If you’re getting weary of publishing-related lawsuits dragging on in the Southern District of New York, you have company—Judge Jed Rakoff, the judge in the recently filed Book House Of Stuyvesant Plaza, Inc. et al v. Amazon.Com, Inc. et al, in which indie booksellers have sued Amazon and the big six publishers over their exclusive Kindle agreements. In a tersely worded order issued yesterday, Rakoff deemed a proposal from the parties to delay—or at least greatly drag their heels—“completely unacceptable,” and denied the motion.

In their joint proposal, the bookseller plaintiffs and the publisher defendants asked Rakoff to stay discovery in the case, and to give the parties fairly generous time periods to file replies, and motions to dismiss. Notably, in a footnote, the parties state that one key defendant, Amazon, has not yet responded to the suit.
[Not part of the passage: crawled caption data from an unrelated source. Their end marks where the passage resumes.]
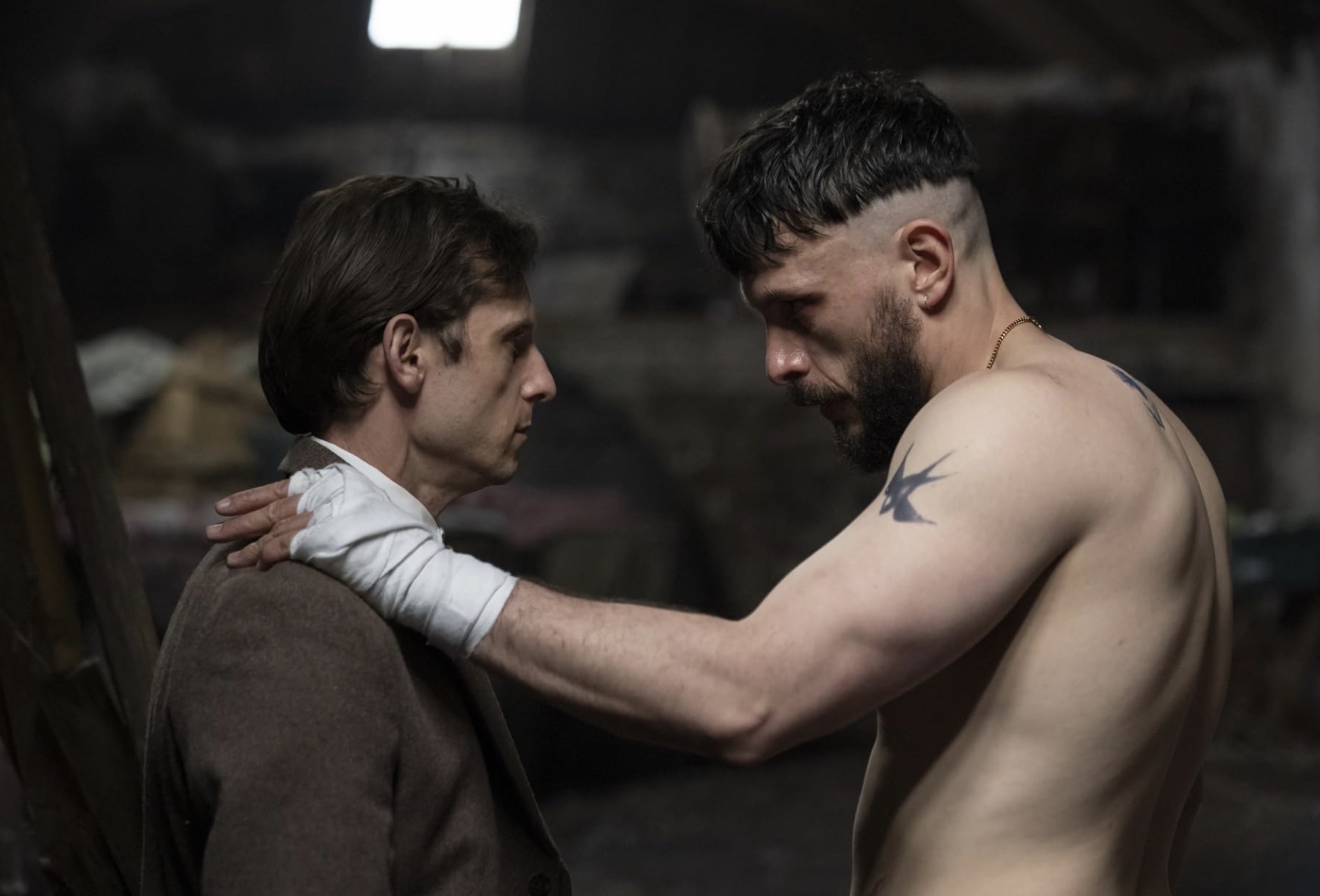 Джейми Белл и Ричард Гэдд играют сводных братьев в сериале «Получеловек», символизируя два существующих направления маскулинности, которые бесконечно конфликтуют друг с другом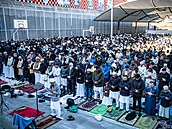 Muslimové v Madridu slaví konec Ramadánu. (30. bezna 2025)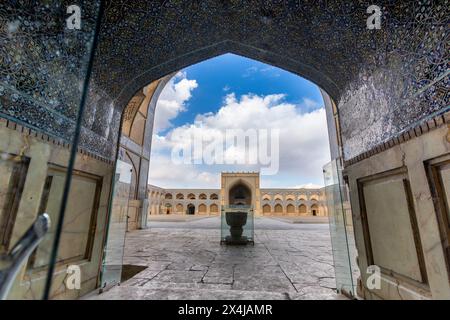 Innenansicht der Jammeh-Moschee mit komplexen geometrischen Mustern und Designs. Ein Zeugnis über 800 Jahre persischer Handwerkskunst. Jammeh-Moschee Stockfoto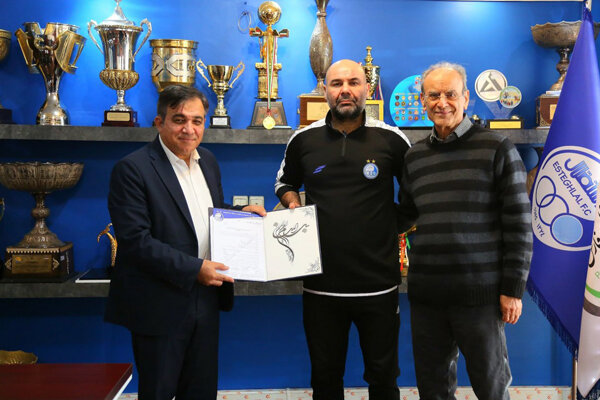 سرمربی جدید استقلال حکمش را گرفت + عکس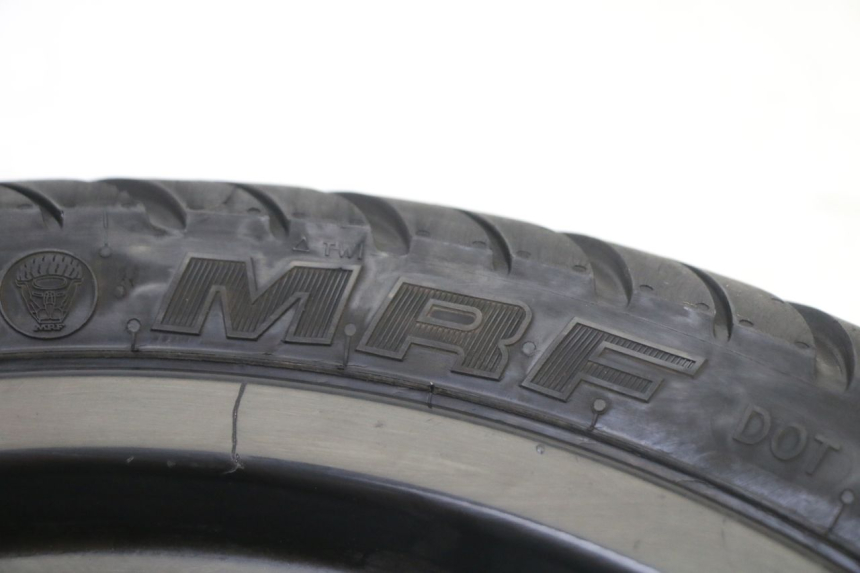 photo de OBRĘCZ PRZEDNIA I OPONA PIAGGIO NEW TYPHOON 50 (2018 - 2021) - Widok z bliska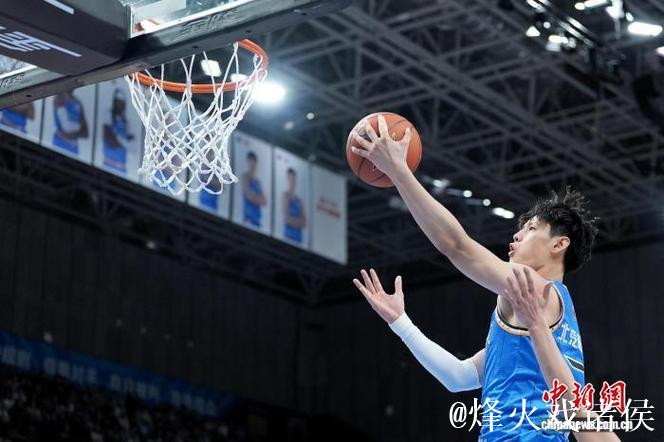 CBA常规赛:北京队31分轻取广东队迎新年首胜 CBA常规赛:北京队31分轻取广东队迎新年首胜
The suit, filed last month in the U.S. District Court for the Southern District of New York, contends that Amazon along with Random House, Penguin, HarperCollins, Simon & Schuster, Hachette Book Group, and Macmillan signed contracts “specifically designed to limit the use of digital content” to various Kindle devices, while the publishers have not entered into any agreements with independent bricks-and-mortar or independent collectives to sell e-books.

The three named plaintiffs (The Book House of Stuyvesant Plaza of Albany, N.Y.; Fiction Addiction of Greenville, S.C.; and Posman Books of New York City) seek to represent a class of independent brick-and-mortar independent bookstores, and are seeking an injunction prohibiting the publishers and Amazon from “selling e-books with device and app specific DRMs,” while also requiring the big six publishers to allow independent bookstores to directly sell “open-source DRM e-books.”